56…There is nothing to suggest that public bodies on whom the duty is imposed are intended to be accountable to people elsewhere in the world who have no particular connection with the UK.”

Whether Section 149(1)(a) has extra-territorial effect co-extensively with the extraterritorial effect of the substantive provisions of the EqA 2010

The more complex alternative submission by the Appellant was that, in the alternative, section 149 had a limited extra-territorial effect, as the territorial scope of the PSED must be as wide as the relevant substantive provisions that set out the duty not to discriminate, which do have extraterritorial effect.

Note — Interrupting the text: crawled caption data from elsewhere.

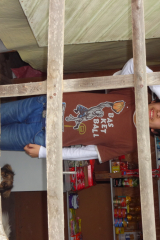 Thomas Arias behind the shop window. His mum has locked him in, for safety, but she's out working a lot and he has no one to talk to. He could hardly speak.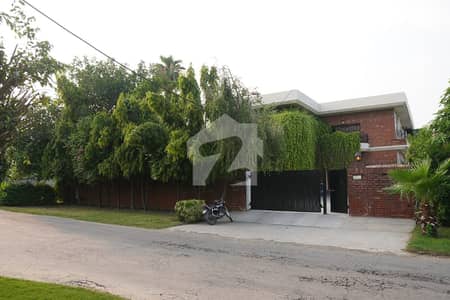 70 Marla Corner Used Modern Design 2 Gates 10 Bed Rooms Separate Entrance Bungalow For Sale At Prime Location Of DHA Lahore Best For 2 Families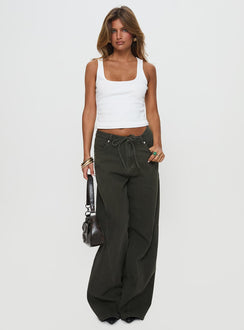 front view of model wearing Princess Polly Bruiser Tie Waist Mid Rise Wide Leg Jeans Green Petite High Rise Jeans 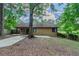 Charming single-story house with a cozy porch and mature trees in the front yard at 8350 Gledstone Way, Fairburn, GA 30213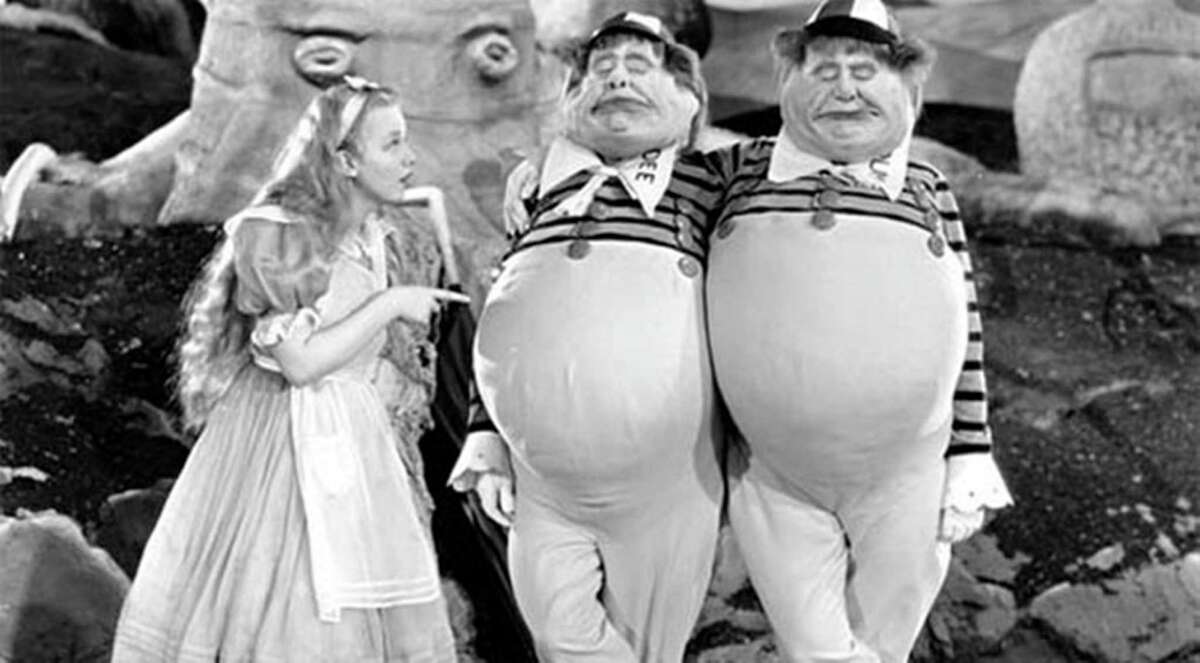 Alice (Charlotte Henry) with Tweedledee (Roscoe Karns) and Tweedledum (Jack Oakie) in "Alice in Wonderland" (1933). Credit: Courtesy of Universal Studios Home Entertainment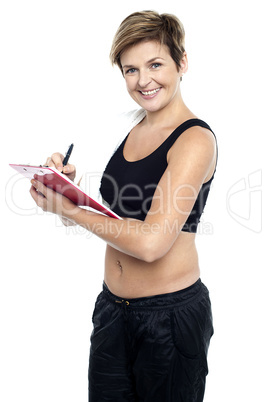 Female gym instructor writing diet chart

The Appellant relied on the Court of Appeal's finding that the decisions applying the Resettlement Scheme in individual cases fell within section 29(6) because of section 29(9) (although on the facts, the Court of Appeal had held there had been no unlawful discrimination). The Appellant argued that, having found that the decisions applying the Resettlement Scheme in individual cases fell within section 29(6) because of section 29(9), the Court of Appeal should have held that section 149(1)(a) had extraterritorial effect, at least to that extent.

Again, the Supreme Court disagreed. Section 149(1)(a) was still not engaged because the adoption of the Resettlement Scheme was not within the prohibition laid down by the substantive provisions of the Act.

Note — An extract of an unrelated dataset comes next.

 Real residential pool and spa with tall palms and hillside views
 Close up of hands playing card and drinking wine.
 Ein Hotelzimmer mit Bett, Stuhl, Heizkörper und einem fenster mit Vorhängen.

The PSED was primarily directed at policy decisions, not at the application of policy to individual cases. The duty on an official not to discriminate unlawfully against an individual at all stages of granting entry clearance was imposed by the relevant substantive obligations in section 29 (paragraph 62). There was no need to add on a duty under section 149(1)(a). Further, if the duty was imposed, rights would be conferred on people all over the world to challenge the decision-making process of a public body exercising its functions, if the exercise of those functions affected them (paragraph 64).

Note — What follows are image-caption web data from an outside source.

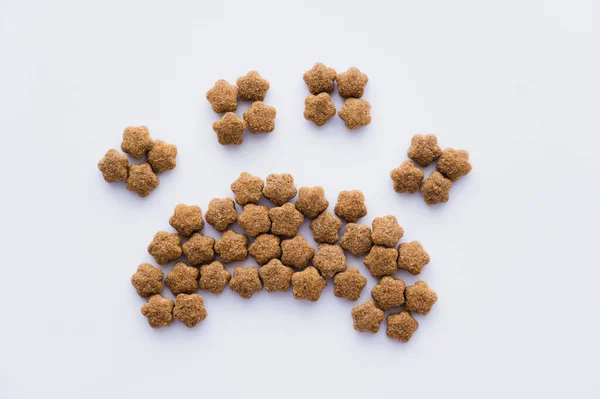Vista superior da forma da pata feita de alimentos secos para animais de estimação isolados em branco — Fotografia de Stock
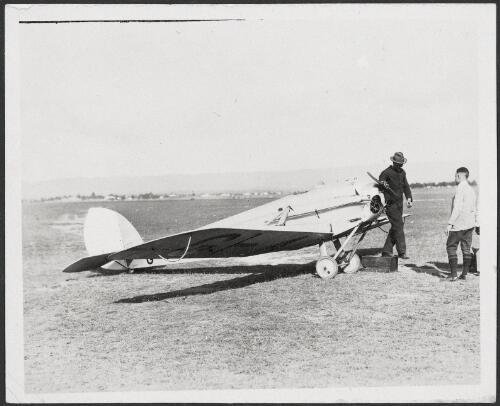 Dr R Cato (right) with his de Havilland DH53 Humming Bird monoplane on a field, 1937 [picture]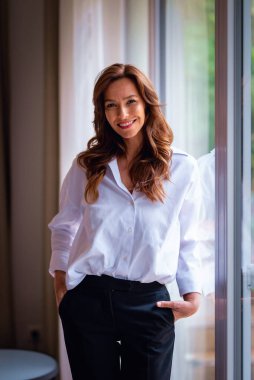 Modern oturma odasında pencereli gülümseyen kadın portresi. Çekici kadın, kumral saçlı, kameraya gülümseyen.. 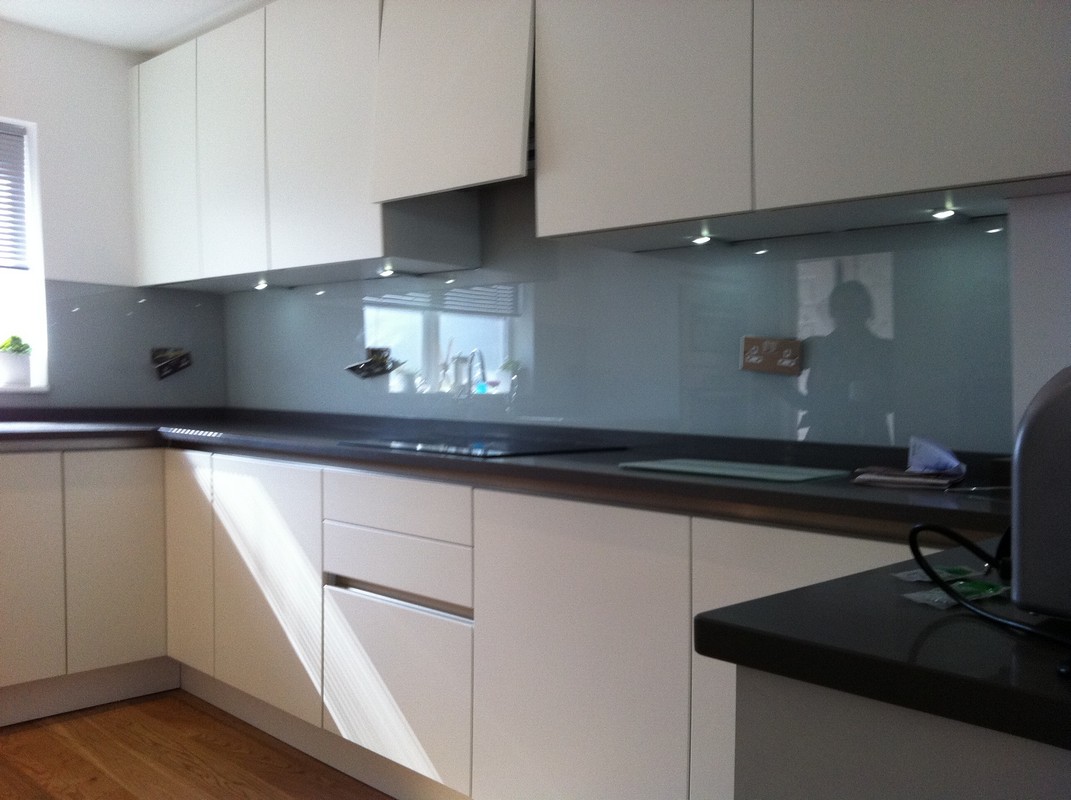Grey glass kitchen splashback with LED lighting in Finchley Central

Finally, Lady Rose observed that within the EqA 2010, Parliament had carved out a careful exceptions where extra-territoriality applied (such as within section 29 EqA 2010). It followed that as a matter of statutory construction, if Parliament had wanted the PSED to have extraterritorial effect for section 149(1)(a), but not to (b) and (c), it would have made that express in the legislation (paragraph 65).

Conclusion

This judgment makes it clear that the PSED is of no assistance to individuals overseas who are affected by schemes or decisions of public bodies that have discriminatory outcomes.

However, Lady Rose did take the opportunity to highlight that the PSED is not the only mechanism to challenge the conduct of public bodies abroad. In particular, judicial reviews can challenge a failure to take into account relevant considerations, which may include disadvantages suffered by overseas people with a particular protected characteristic. To exemplify this, Lady Rose cited the quashing of the decision to use public money to finance the Pergau Dam in Malaysia (R v Secretary of State for Foreign and Commonwealth Affairs, Ex parte World Development Movement Ltd [1995] 1 WLR 386) and the removal of the Chagossians from the British Indian Ocean Territory (R (Bancoult) v Secretary of State for Foreign and Commonwealth Affairs (No 2) [2008] UKHL 61).